_ASSIGNED TASK_
In your copy, include every entry exactly as written but no pictures.

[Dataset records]
------------------------
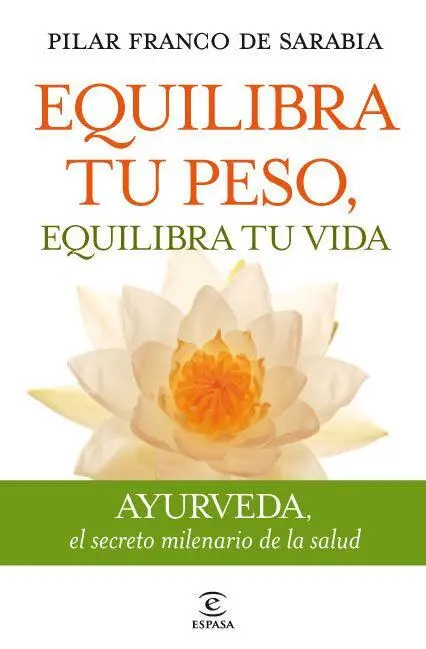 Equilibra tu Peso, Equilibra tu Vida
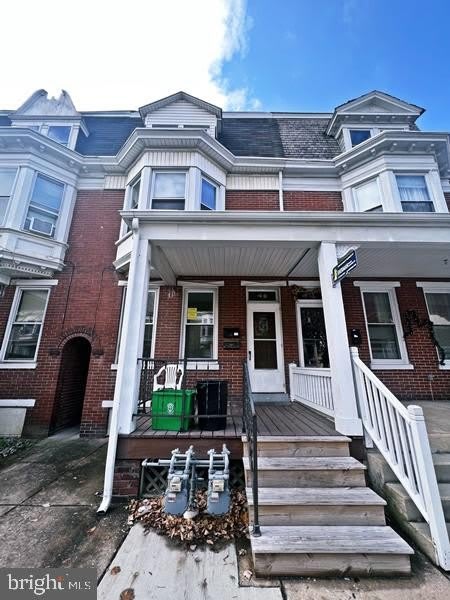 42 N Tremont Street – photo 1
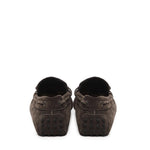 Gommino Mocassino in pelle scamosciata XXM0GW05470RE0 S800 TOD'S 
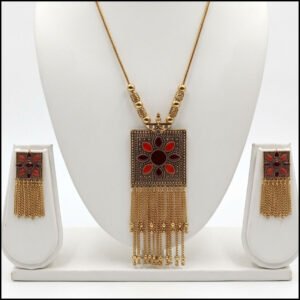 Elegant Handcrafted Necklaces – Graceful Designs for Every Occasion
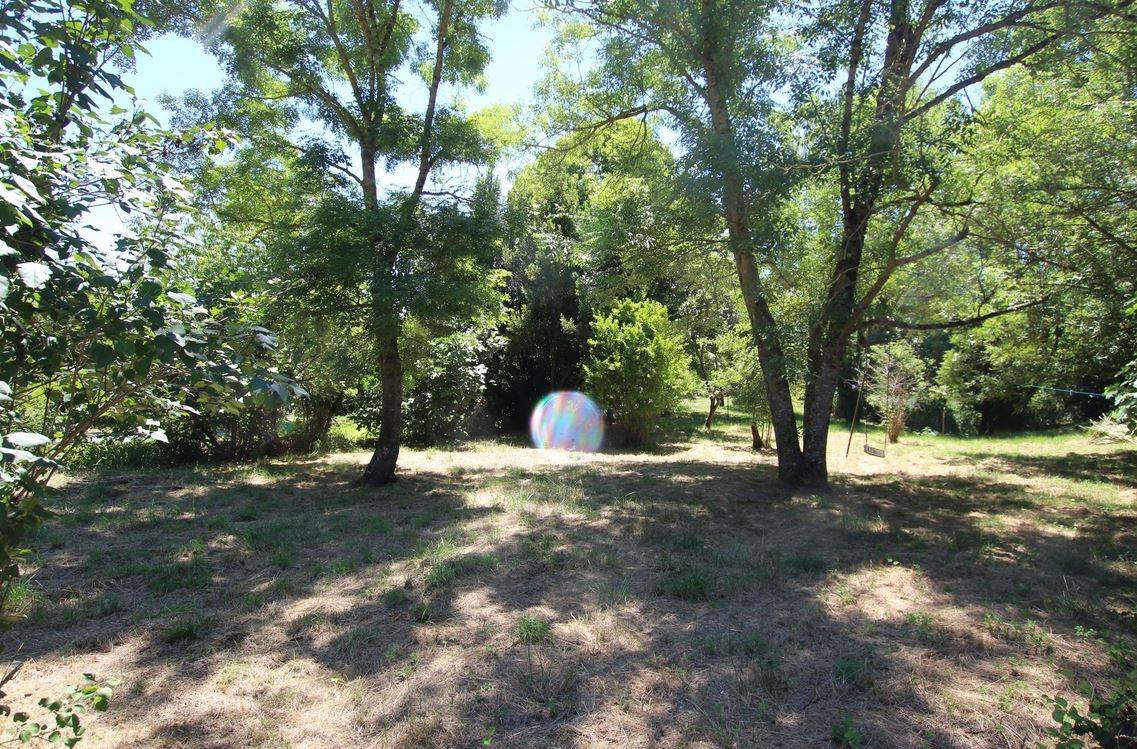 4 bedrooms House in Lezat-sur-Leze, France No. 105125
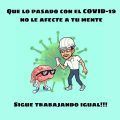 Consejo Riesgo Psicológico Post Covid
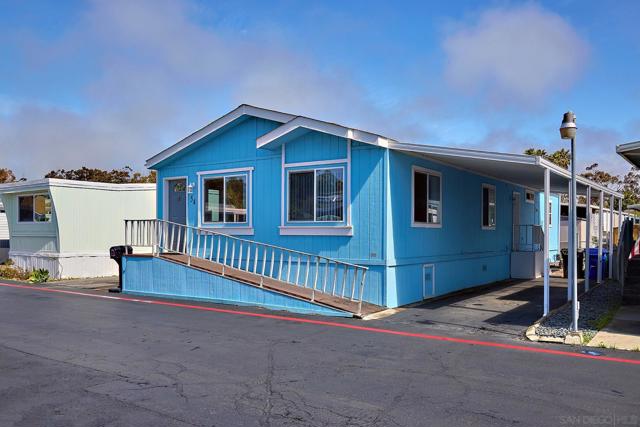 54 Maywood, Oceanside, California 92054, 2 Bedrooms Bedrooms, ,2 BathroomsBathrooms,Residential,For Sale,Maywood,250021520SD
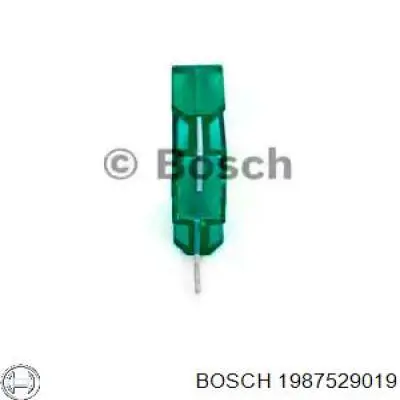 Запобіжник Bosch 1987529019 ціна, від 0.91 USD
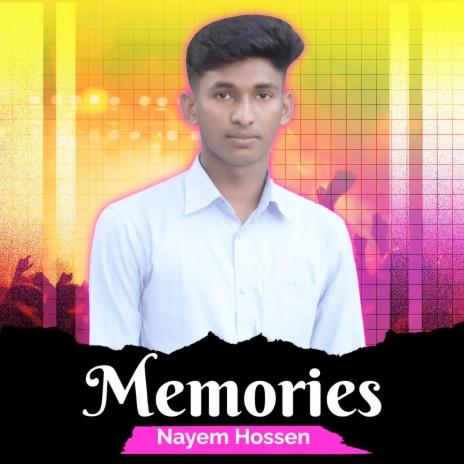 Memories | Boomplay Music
------------------------
_SOLUTION BELOW_
 Equilibra tu Peso, Equilibra tu Vida
 42 N Tremont Street – photo 1
 Gommino Mocassino in pelle scamosciata XXM0GW05470RE0 S800 TOD'S 
 Elegant Handcrafted Necklaces – Graceful Designs for Every Occasion
 4 bedrooms House in Lezat-sur-Leze, France No. 105125
 Consejo Riesgo Psicológico Post Covid
 54 Maywood, Oceanside, California 92054, 2 Bedrooms Bedrooms, ,2 BathroomsBathrooms,Residential,For Sale,Maywood,250021520SD
 Запобіжник Bosch 1987529019 ціна, від 0.91 USD
 Memories | Boomplay Music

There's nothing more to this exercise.